Task item →
Would you transcribe each of the entries exactly, with nothing added or dropped?

*** Dataset content Section Begins ***

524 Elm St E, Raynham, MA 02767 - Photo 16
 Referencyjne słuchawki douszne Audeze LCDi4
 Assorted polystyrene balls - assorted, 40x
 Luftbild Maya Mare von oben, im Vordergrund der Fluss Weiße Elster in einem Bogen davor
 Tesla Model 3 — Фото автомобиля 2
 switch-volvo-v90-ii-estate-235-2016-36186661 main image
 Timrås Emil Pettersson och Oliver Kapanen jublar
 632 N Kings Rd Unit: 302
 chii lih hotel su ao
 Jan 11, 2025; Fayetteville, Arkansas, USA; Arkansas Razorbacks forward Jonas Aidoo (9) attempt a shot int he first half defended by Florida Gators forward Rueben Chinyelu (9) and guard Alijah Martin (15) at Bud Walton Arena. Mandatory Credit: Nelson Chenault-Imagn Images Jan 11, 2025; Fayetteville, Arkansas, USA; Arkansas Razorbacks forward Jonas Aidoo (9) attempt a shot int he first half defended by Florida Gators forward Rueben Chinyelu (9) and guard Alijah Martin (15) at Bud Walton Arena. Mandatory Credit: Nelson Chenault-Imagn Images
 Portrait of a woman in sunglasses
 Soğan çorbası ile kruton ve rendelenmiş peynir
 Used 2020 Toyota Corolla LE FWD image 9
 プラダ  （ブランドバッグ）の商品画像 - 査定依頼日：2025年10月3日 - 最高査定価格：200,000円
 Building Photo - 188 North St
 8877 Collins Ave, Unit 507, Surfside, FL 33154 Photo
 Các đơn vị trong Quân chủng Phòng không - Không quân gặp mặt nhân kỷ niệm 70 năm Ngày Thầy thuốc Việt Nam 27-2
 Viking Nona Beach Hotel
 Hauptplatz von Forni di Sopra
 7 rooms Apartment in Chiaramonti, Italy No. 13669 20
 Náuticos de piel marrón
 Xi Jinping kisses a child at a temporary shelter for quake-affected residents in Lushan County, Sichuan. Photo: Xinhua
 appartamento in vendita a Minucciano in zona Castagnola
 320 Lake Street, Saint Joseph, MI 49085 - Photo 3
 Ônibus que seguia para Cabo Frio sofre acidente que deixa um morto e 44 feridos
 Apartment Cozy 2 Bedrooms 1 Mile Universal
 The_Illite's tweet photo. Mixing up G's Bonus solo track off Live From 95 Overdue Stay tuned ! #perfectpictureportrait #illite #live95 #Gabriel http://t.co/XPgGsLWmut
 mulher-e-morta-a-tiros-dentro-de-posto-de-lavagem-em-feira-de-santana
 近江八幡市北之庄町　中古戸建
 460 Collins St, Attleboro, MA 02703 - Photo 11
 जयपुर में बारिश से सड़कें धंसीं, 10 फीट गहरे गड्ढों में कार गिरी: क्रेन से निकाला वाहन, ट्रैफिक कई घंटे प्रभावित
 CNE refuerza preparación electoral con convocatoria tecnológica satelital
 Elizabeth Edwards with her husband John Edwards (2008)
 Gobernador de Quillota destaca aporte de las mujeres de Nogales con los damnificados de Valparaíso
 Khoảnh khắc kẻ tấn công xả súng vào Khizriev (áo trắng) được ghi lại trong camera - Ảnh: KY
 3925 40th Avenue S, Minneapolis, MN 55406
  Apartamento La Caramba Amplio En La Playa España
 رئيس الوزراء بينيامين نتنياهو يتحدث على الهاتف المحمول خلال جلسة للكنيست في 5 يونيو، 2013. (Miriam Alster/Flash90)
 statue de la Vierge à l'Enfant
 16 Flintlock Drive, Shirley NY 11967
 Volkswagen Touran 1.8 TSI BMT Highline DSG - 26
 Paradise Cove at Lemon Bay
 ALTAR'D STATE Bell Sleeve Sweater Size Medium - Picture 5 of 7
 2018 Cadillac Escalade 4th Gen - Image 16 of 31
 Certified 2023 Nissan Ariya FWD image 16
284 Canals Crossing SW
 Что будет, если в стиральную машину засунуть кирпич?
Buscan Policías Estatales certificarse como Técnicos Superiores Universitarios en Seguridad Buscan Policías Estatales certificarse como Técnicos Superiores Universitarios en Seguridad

*** Dataset content Section Ends ***

Output below →
524 Elm St E, Raynham, MA 02767 - Photo 16
 Referencyjne słuchawki douszne Audeze LCDi4
 Assorted polystyrene balls - assorted, 40x
 Luftbild Maya Mare von oben, im Vordergrund der Fluss Weiße Elster in einem Bogen davor
 Tesla Model 3 — Фото автомобиля 2
 switch-volvo-v90-ii-estate-235-2016-36186661 main image
 Timrås Emil Pettersson och Oliver Kapanen jublar
 632 N Kings Rd Unit: 302
 chii lih hotel su ao
 Jan 11, 2025; Fayetteville, Arkansas, USA; Arkansas Razorbacks forward Jonas Aidoo (9) attempt a shot int he first half defended by Florida Gators forward Rueben Chinyelu (9) and guard Alijah Martin (15) at Bud Walton Arena. Mandatory Credit: Nelson Chenault-Imagn Images Jan 11, 2025; Fayetteville, Arkansas, USA; Arkansas Razorbacks forward Jonas Aidoo (9) attempt a shot int he first half defended by Florida Gators forward Rueben Chinyelu (9) and guard Alijah Martin (15) at Bud Walton Arena. Mandatory Credit: Nelson Chenault-Imagn Images
 Portrait of a woman in sunglasses
 Soğan çorbası ile kruton ve rendelenmiş peynir
 Used 2020 Toyota Corolla LE FWD image 9
 プラダ  （ブランドバッグ）の商品画像 - 査定依頼日：2025年10月3日 - 最高査定価格：200,000円
 Building Photo - 188 North St
 8877 Collins Ave, Unit 507, Surfside, FL 33154 Photo
 Các đơn vị trong Quân chủng Phòng không - Không quân gặp mặt nhân kỷ niệm 70 năm Ngày Thầy thuốc Việt Nam 27-2
 Viking Nona Beach Hotel
 Hauptplatz von Forni di Sopra
 7 rooms Apartment in Chiaramonti, Italy No. 13669 20
 Náuticos de piel marrón
 Xi Jinping kisses a child at a temporary shelter for quake-affected residents in Lushan County, Sichuan. Photo: Xinhua
 appartamento in vendita a Minucciano in zona Castagnola
 320 Lake Street, Saint Joseph, MI 49085 - Photo 3
 Ônibus que seguia para Cabo Frio sofre acidente que deixa um morto e 44 feridos
 Apartment Cozy 2 Bedrooms 1 Mile Universal
 The_Illite's tweet photo. Mixing up G's Bonus solo track off Live From 95 Overdue Stay tuned ! #perfectpictureportrait #illite #live95 #Gabriel http://t.co/XPgGsLWmut
 mulher-e-morta-a-tiros-dentro-de-posto-de-lavagem-em-feira-de-santana
 近江八幡市北之庄町　中古戸建
 460 Collins St, Attleboro, MA 02703 - Photo 11
 जयपुर में बारिश से सड़कें धंसीं, 10 फीट गहरे गड्ढों में कार गिरी: क्रेन से निकाला वाहन, ट्रैफिक कई घंटे प्रभावित
 CNE refuerza preparación electoral con convocatoria tecnológica satelital
 Elizabeth Edwards with her husband John Edwards (2008)
 Gobernador de Quillota destaca aporte de las mujeres de Nogales con los damnificados de Valparaíso
 Khoảnh khắc kẻ tấn công xả súng vào Khizriev (áo trắng) được ghi lại trong camera - Ảnh: KY
 3925 40th Avenue S, Minneapolis, MN 55406
  Apartamento La Caramba Amplio En La Playa España
 رئيس الوزراء بينيامين نتنياهو يتحدث على الهاتف المحمول خلال جلسة للكنيست في 5 يونيو، 2013. (Miriam Alster/Flash90)
 statue de la Vierge à l'Enfant
 16 Flintlock Drive, Shirley NY 11967
 Volkswagen Touran 1.8 TSI BMT Highline DSG - 26
 Paradise Cove at Lemon Bay
 ALTAR'D STATE Bell Sleeve Sweater Size Medium - Picture 5 of 7
 2018 Cadillac Escalade 4th Gen - Image 16 of 31
 Certified 2023 Nissan Ariya FWD image 16
284 Canals Crossing SW
 Что будет, если в стиральную машину засунуть кирпич?
Buscan Policías Estatales certificarse como Técnicos Superiores Universitarios en Seguridad Buscan Policías Estatales certificarse como Técnicos Superiores Universitarios en Seguridad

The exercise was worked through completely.